Every line from the top of the records through the line containing "13 пар черепных" should be retyped exactly; the pictures should not.

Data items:

..............................

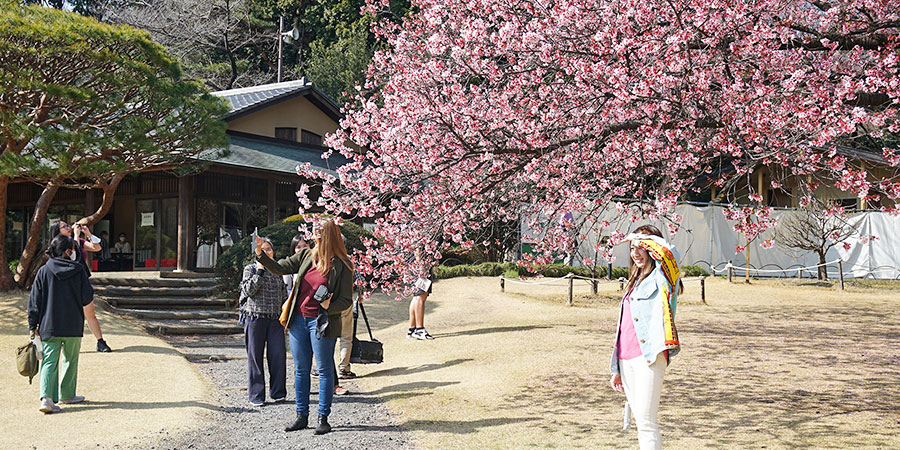 Cherry Blossoms in Hokkaido in May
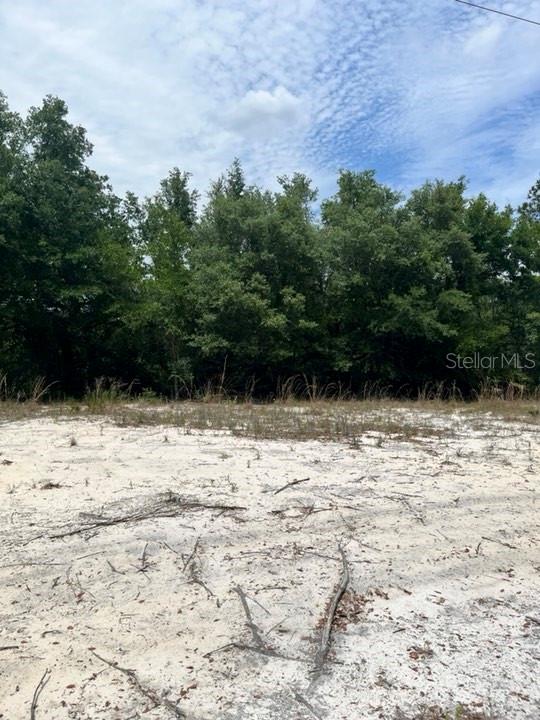 TBD 170th SE AVENUE RD, OCKLAWAHA, FL, 32179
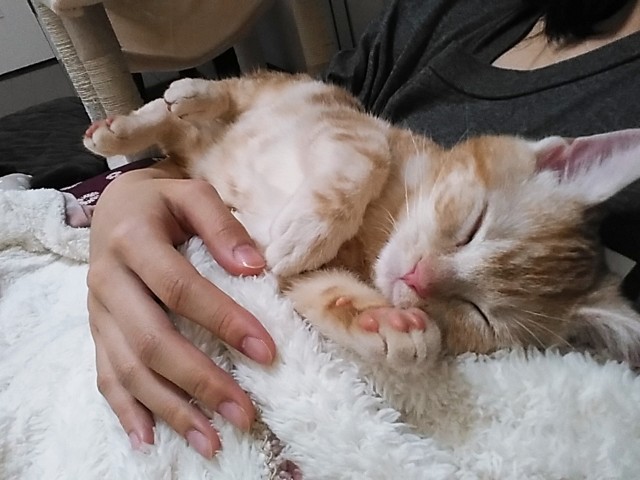 f:id:aozoranikki:20190424201330j:image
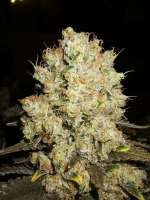 Zamnesia White Widow - foto de Majestic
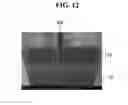 Fig. 11 - Compound semiconductor solar cell and method of manufacturing the same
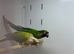 Conure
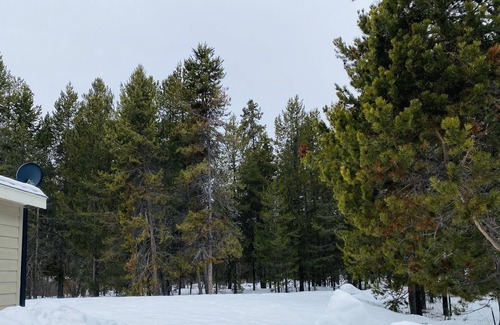 Cascade House | Charming, private 3-bedroom cabin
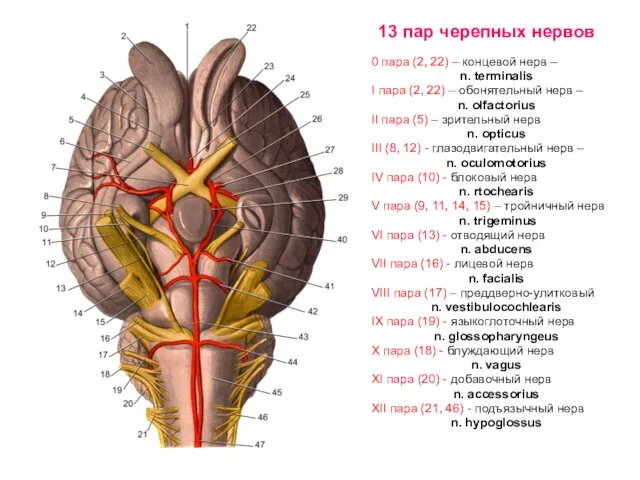 13 пар черепных нервов 0 пара (2, 22) – концевой нерв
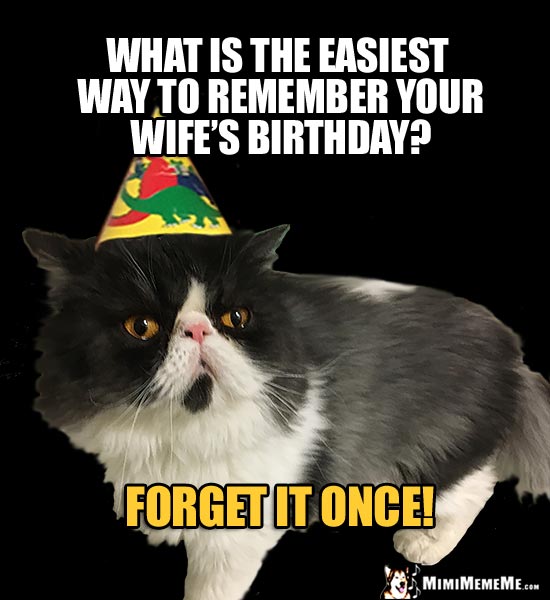 Party Cat Asks: What is the easiest way to remember your wife's birthday? Forget it once!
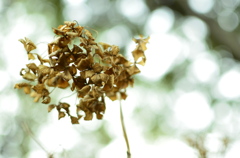 紫陽花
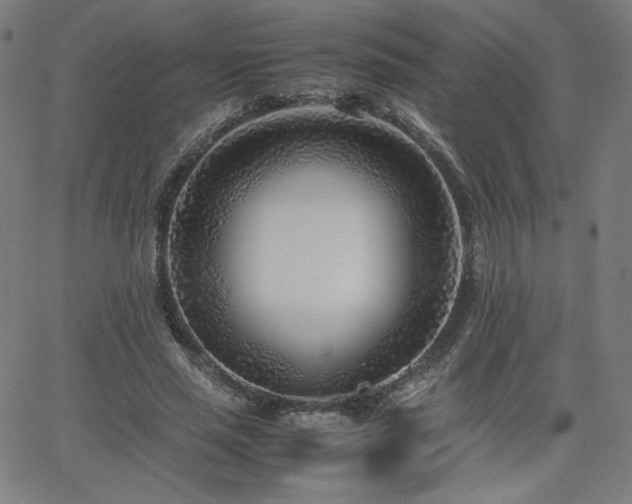 X0000066100637200603101142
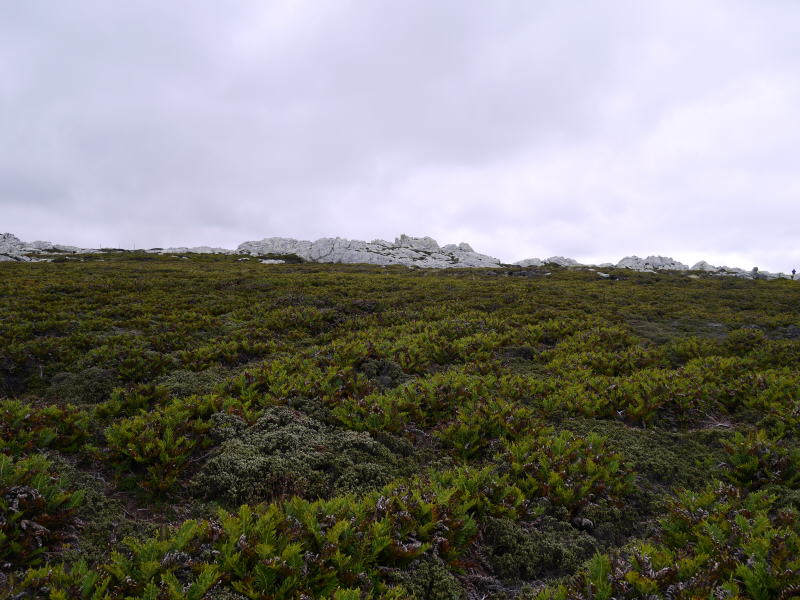 Pictures from the Falkland Islands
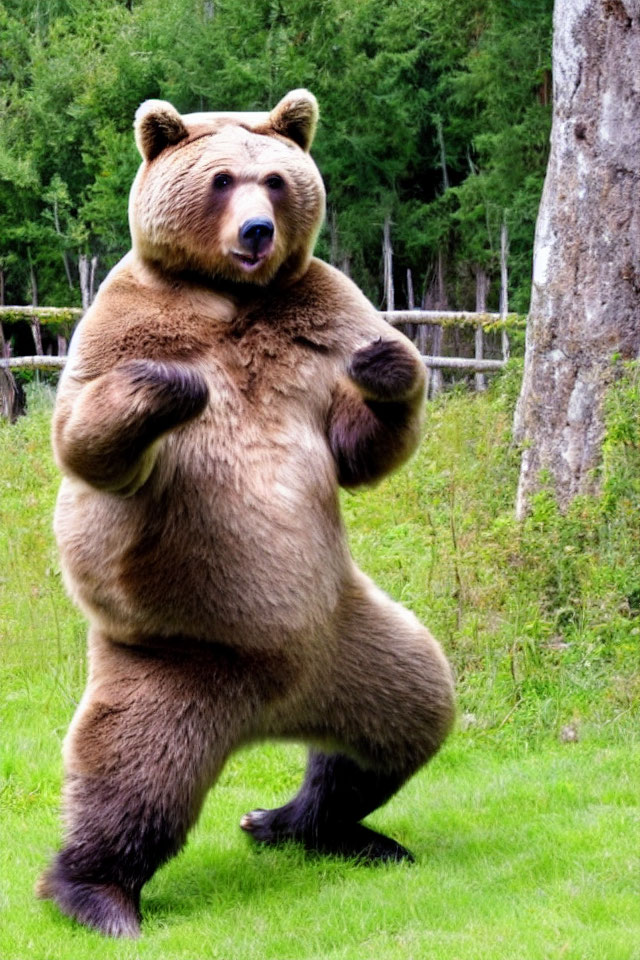 Brown Bear Standing Upright in Grassy Area with Tree and Fence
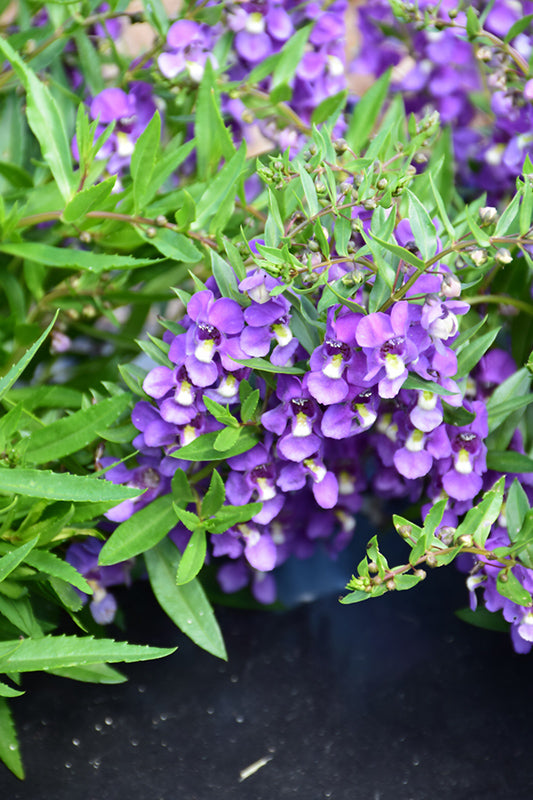 Angelonia Anglemist Spreading Bluebird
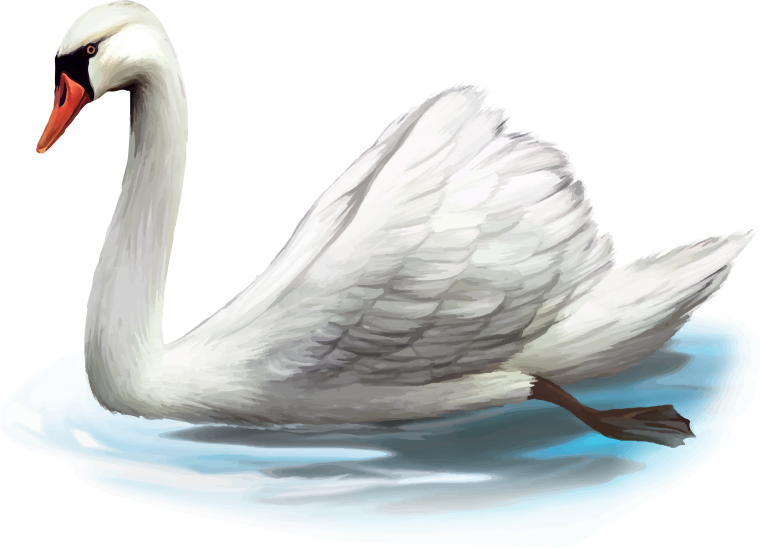 Лебедь на прозрачном фоне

..............................

Your solution ->
 Cherry Blossoms in Hokkaido in May
 TBD 170th SE AVENUE RD, OCKLAWAHA, FL, 32179
 f:id:aozoranikki:20190424201330j:image
 Zamnesia White Widow - foto de Majestic
 Fig. 11 - Compound semiconductor solar cell and method of manufacturing the same
 Conure
 Cascade House | Charming, private 3-bedroom cabin
 13 пар черепных нервов 0 пара (2, 22) – концевой нерв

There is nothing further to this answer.